Measuring DSP MIPS

People use digital signal processors (DSPs) when they need to get a lot of complicated processing done in a short amount of time. In other words, DSPs are blindingly fast! But even a DSP has a finite amount of processing time. What with the many complicated algorithms around for signal processing, you can still run out of CPU time.

Processing Time Budgets

One way to avoid running out of time is to plan ahead. In general, when you design software for a DSP, you start out with a processing time budget. For each of the main algorithms, you estimate how much processing time is required. The processing time is based on two factors: how frequently the algorithm must execute and how much time each execution takes.

Let's say you're designing a DSP-based modem. Some algorithms run at the analog sampling rate, commonly 9,600 samples per second. Other algorithms run at the baud rate, also known as the symbol rate, which for this example is 1,200 symbols per second. In modem software, you might wind up performing a lot of processing at the symbol rate but a relatively small amount of processing at the sample rate.

You need to take these factors into account when coming up with a processing time budget. When I figure out my estimates for each algorithm, what I wind up with is a number that represents how many milliseconds of CPU time are required for every second of real time.

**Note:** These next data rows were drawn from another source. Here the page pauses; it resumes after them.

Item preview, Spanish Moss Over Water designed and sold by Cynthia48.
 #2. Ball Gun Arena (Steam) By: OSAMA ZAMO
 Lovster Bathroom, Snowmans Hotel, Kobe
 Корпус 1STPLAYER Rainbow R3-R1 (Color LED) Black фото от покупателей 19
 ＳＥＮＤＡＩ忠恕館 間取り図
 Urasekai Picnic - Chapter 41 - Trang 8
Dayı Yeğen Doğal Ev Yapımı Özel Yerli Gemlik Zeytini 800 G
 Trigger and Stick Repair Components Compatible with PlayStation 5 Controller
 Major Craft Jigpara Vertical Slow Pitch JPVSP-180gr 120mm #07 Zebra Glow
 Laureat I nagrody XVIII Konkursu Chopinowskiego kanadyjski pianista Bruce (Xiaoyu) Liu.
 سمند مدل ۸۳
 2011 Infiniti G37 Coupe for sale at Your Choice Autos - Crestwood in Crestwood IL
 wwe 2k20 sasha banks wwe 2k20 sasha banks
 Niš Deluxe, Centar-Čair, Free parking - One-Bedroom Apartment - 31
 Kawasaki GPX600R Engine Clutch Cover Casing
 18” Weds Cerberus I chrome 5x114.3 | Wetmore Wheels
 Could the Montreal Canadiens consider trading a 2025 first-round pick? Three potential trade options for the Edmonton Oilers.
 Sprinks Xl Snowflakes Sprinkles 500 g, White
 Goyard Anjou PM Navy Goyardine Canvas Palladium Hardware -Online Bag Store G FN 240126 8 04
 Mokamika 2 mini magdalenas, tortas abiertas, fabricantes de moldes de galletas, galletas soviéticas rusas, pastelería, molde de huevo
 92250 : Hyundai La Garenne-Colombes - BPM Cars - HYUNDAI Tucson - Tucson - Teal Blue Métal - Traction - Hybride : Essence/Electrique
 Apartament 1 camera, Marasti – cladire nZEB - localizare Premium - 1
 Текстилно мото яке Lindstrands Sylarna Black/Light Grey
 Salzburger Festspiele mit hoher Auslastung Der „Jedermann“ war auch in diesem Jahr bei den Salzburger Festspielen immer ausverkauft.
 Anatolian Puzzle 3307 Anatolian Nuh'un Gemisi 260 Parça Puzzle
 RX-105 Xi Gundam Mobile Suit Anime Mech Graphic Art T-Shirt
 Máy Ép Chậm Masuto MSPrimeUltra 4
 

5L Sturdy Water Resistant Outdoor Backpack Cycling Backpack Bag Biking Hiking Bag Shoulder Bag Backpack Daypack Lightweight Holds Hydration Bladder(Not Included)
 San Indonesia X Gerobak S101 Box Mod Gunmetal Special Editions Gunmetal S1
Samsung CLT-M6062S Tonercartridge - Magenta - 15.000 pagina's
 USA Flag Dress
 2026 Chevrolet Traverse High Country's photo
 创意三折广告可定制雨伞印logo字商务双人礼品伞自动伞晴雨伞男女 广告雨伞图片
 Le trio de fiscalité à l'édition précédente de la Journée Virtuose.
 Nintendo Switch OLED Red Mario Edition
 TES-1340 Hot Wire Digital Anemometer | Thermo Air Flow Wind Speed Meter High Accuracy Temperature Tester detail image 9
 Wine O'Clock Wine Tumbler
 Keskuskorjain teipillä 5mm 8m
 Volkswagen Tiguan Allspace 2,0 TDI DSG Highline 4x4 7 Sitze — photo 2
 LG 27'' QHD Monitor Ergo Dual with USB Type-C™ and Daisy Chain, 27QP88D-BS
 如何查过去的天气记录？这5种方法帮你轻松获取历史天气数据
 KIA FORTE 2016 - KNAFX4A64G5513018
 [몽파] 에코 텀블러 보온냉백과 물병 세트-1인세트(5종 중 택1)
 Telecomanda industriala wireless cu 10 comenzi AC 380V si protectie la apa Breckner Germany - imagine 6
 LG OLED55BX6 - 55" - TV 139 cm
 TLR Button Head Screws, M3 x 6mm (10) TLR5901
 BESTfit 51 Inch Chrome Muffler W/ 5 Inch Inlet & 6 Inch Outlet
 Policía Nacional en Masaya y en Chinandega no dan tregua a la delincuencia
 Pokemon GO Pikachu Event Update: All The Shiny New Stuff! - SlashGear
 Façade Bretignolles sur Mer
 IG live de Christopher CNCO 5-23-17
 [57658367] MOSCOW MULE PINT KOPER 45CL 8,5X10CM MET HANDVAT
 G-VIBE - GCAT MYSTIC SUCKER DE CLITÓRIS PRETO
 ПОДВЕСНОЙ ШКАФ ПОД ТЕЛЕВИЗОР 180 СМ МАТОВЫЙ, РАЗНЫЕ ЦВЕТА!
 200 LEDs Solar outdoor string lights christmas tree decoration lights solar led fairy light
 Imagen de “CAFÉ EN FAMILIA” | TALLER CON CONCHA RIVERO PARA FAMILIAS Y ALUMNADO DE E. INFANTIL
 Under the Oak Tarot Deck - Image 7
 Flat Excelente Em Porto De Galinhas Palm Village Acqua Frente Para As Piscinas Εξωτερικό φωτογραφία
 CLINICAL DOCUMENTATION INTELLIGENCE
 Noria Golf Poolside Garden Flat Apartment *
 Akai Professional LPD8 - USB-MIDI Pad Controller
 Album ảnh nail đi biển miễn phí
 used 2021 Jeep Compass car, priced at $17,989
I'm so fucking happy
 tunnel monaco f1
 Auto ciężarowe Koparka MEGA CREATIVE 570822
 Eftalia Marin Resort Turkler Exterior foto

Then I convert each of these numbers into a percent of CPU utilization, all of which should add up to less than 100%. Finally, it's common in the DSP world to measure CPU utilization in millions of instructions per second (MIPS). This is done by multiplying each percent CPU utilization value by the raw MIPS rate of the DSP chip.

A Sample Budget

Let's look at the hypothetical example of some modem software. Assume you're running on a Texas Instruments TMS320C31 DSP chip with a 40-MHz clock, which has a raw MIPS rate of 20 MIPS.

Running at the sample rate (9,600 times a second), algorithm 1 is estimated to take 20 microseconds each time it executes. This is 0.02 milliseconds times 9,600, which equals 192 milliseconds of CPU time every second. The CPU utilization is therefore 19.2%. This algorithm requires 3.84 MIPS.

Running every 960 samples (10 times a second), algorithm 2 is estimated to take 250 microseconds each time it executes. This is 0.25 milliseconds times 10, which equals 2.5 milliseconds of CPU time every second. The CPU utilization is therefore 0.25%. This algorithm requires 0.05 MIPS.

Running at the symbol rate (1,200 times a second), algorithm 3 is estimated to take 180 microseconds each time it executes. This is 0.18 milliseconds times 1,200, which equals 216 milliseconds of CPU time every second. The CPU utilization is therefore 21.6%. This algorithm requires 4.32 MIPS.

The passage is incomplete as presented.